At trial each party called an expert witness. The trial judge rejected in toto the opinion expressed by the company’s expert, and rightly so. Plaintiff’s expert, a chemist named Bernard Péclet, testified essentially as to the detection of a gas odour and the conditions under which ignition and explosion of gas mixed with air occur. W.C. Viner, a mechanical engineer, testified for defendant Chabot. He expressed the opinion that the probable cause of the accident was a leak from the old meter.
On this crucial point of the case the trial judge said:
[TRANSLATION] 5. Having said this, it seems logical and reasonable to formulate the following four propositions:
(a) There was no leakage of gas which could be smelled before 11 P.M. on June 4. Hence the presumption that everything was in order.
(b) No one knows when this leakage of gas began. By midday on June 5, however, it had reached a point where Richard, on the third floor, noticed it.
(c) The leak was traced to the inside of the cupboard in the kitchen. That is the version given by plaintiff, and I was greatly impressed with his sincerity, candour and good faith. I have no hesitation in accepting this version. I would add that in addition it is substantially identical to that of Richard (see the examination on discovery of the latter
[Page 1077]
in Richard v.

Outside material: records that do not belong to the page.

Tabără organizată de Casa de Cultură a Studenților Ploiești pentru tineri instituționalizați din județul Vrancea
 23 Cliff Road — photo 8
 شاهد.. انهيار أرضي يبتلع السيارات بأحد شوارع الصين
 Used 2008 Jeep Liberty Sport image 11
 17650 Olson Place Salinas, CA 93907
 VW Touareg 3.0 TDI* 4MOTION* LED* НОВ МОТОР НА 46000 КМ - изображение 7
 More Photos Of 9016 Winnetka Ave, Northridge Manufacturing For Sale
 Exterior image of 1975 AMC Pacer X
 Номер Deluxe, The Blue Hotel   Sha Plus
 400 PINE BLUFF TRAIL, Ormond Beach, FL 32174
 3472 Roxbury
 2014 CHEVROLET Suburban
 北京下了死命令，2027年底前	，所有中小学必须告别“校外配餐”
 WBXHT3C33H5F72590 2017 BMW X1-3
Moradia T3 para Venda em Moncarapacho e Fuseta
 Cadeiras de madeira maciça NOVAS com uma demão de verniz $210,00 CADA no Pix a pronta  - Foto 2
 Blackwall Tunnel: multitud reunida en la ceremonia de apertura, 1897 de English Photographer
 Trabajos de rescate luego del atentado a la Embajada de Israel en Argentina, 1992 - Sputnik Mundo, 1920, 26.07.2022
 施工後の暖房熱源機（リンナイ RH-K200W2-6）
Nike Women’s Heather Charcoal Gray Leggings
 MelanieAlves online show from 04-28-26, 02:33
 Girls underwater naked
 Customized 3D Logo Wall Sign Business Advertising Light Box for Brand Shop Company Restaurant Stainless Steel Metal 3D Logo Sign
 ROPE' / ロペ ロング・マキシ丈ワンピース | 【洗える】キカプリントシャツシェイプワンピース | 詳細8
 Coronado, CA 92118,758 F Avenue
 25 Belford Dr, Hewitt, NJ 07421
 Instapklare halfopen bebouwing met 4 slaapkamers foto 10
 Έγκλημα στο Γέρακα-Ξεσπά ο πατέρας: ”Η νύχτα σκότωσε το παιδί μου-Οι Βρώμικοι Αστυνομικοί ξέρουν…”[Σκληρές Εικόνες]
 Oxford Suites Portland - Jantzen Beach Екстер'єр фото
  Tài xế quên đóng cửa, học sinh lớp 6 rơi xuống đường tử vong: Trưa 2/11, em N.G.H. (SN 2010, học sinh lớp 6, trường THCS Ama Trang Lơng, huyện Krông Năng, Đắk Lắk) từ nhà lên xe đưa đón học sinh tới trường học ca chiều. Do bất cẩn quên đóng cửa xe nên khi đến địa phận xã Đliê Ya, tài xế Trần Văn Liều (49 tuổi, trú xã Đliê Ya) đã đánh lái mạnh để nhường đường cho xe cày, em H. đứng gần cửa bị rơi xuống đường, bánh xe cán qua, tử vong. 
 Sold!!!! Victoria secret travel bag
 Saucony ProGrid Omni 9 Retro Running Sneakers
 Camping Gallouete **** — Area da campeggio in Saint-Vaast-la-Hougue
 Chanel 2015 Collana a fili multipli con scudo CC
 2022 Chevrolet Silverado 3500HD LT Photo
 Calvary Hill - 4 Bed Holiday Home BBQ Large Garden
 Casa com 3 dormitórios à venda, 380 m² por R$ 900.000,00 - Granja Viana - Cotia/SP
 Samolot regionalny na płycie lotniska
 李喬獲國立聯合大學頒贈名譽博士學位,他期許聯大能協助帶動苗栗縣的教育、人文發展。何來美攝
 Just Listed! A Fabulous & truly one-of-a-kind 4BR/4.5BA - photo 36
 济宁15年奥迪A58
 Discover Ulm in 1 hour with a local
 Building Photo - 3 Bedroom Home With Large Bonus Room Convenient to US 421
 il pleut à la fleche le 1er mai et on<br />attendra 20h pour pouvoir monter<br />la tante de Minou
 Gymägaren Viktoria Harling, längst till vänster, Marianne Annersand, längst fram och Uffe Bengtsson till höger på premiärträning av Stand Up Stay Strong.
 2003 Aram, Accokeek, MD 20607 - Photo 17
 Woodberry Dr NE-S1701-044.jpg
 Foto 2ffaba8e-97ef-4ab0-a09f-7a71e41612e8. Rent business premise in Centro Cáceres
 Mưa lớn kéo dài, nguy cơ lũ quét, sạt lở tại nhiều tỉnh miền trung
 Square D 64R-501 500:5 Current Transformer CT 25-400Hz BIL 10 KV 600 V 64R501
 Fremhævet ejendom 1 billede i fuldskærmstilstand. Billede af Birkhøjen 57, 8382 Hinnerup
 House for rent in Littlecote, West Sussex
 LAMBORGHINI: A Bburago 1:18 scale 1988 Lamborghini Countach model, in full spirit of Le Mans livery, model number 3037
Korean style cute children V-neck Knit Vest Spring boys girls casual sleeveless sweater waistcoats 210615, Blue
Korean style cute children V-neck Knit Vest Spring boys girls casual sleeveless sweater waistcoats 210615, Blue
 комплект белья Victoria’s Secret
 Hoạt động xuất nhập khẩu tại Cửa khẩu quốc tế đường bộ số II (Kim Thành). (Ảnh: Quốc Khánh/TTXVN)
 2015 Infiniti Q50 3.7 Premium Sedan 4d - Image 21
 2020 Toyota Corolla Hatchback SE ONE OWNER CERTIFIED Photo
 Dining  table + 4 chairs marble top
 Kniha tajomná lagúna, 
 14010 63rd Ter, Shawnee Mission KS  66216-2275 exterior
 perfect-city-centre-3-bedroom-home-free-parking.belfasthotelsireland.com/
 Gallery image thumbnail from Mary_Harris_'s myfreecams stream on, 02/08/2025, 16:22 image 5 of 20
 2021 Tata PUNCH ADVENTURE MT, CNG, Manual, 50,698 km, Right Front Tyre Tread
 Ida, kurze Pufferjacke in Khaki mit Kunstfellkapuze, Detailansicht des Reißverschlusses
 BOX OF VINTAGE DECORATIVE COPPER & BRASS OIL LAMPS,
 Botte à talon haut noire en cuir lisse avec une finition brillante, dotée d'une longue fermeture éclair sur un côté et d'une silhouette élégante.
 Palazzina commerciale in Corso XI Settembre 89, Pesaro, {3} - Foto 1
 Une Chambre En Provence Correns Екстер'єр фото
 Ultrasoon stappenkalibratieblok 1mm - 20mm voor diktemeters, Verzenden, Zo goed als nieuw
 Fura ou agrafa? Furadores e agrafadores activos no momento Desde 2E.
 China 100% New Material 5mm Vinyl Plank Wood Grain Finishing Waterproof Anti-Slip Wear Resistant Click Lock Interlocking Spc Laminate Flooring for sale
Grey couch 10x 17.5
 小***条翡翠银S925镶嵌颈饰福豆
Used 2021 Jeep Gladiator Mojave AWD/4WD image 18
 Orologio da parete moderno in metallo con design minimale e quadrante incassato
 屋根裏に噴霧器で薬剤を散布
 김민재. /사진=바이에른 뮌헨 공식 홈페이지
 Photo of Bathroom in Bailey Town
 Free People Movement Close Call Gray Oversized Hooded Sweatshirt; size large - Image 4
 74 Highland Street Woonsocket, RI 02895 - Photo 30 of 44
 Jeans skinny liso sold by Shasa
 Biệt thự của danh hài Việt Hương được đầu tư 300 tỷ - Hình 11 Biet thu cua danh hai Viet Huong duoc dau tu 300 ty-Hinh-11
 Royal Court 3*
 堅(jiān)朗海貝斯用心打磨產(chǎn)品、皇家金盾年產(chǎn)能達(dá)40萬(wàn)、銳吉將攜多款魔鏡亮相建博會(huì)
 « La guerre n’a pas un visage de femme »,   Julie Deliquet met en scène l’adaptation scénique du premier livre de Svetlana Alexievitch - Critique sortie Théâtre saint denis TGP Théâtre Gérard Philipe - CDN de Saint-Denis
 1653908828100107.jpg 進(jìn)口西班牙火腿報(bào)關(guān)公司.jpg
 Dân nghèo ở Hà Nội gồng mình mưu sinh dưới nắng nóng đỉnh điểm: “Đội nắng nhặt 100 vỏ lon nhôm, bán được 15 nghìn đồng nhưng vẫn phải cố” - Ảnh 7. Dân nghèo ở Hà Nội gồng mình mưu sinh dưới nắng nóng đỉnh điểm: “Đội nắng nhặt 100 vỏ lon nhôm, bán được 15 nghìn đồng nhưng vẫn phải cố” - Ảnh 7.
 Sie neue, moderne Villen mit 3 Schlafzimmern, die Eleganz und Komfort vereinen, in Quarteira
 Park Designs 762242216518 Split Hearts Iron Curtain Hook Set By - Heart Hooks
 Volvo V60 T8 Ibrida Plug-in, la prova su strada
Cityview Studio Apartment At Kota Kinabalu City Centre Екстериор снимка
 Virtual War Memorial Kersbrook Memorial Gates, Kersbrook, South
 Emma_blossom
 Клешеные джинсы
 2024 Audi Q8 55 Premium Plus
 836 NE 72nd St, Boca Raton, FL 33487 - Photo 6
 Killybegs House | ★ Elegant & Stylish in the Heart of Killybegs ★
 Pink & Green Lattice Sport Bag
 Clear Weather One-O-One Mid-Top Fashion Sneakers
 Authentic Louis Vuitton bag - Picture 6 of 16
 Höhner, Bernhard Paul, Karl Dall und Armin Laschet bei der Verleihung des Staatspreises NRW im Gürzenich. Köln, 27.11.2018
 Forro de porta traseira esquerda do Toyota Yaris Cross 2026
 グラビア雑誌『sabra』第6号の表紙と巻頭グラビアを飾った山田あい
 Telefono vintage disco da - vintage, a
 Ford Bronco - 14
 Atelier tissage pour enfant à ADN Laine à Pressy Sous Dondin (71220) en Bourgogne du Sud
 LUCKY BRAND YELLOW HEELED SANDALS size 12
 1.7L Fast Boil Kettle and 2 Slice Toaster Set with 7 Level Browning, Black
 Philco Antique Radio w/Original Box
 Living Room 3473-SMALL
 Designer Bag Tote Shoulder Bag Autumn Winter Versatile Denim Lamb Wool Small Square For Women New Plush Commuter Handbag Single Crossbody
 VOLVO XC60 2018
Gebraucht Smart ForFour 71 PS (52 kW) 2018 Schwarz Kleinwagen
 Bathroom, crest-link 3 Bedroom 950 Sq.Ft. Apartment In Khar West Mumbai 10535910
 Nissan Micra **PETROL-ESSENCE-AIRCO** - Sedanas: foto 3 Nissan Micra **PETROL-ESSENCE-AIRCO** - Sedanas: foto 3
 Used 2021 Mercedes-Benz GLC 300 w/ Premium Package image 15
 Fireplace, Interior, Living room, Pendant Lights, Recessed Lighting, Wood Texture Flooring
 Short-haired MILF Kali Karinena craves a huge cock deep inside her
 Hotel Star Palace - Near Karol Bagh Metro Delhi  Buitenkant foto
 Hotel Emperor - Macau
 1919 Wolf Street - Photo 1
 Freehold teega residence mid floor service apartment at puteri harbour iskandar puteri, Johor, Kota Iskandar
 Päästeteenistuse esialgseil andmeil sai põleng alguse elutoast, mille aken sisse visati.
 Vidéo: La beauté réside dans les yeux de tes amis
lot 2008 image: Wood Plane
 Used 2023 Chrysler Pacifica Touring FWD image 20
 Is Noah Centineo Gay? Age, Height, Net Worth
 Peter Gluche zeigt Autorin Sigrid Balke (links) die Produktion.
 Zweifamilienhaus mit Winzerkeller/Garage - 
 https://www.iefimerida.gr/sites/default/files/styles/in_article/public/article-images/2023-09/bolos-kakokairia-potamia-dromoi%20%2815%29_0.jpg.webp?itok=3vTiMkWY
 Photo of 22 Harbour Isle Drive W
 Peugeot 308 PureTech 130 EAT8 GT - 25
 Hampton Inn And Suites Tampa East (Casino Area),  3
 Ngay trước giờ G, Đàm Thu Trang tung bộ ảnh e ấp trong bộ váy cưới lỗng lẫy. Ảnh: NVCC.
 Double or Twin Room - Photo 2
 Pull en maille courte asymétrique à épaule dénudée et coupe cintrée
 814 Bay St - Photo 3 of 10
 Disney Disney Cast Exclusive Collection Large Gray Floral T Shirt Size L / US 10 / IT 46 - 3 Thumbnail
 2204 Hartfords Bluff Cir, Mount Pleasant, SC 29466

Toupin et al. (M.S.C. 643 512) which was filed in the record by consent).
Hence the presumption that the said leakage was from a component part of the gas circulation system inside the cupboard.
(d) These components consisted of part of the gas supply pipe, the meter bracket, the meter inlet coupling, the meter itself, the meter discharge coupling and part of the feed or distribution piping.
Hence the presumption that there was a failure in one or more of these components at a given, but unspecified, moment on the night of June 4-5, or on the morning of June 5.
6. At this point, faced with the brutal and unquestioned fact of the explosion (“res ipsa loquitur”), I pass into the realm of probability.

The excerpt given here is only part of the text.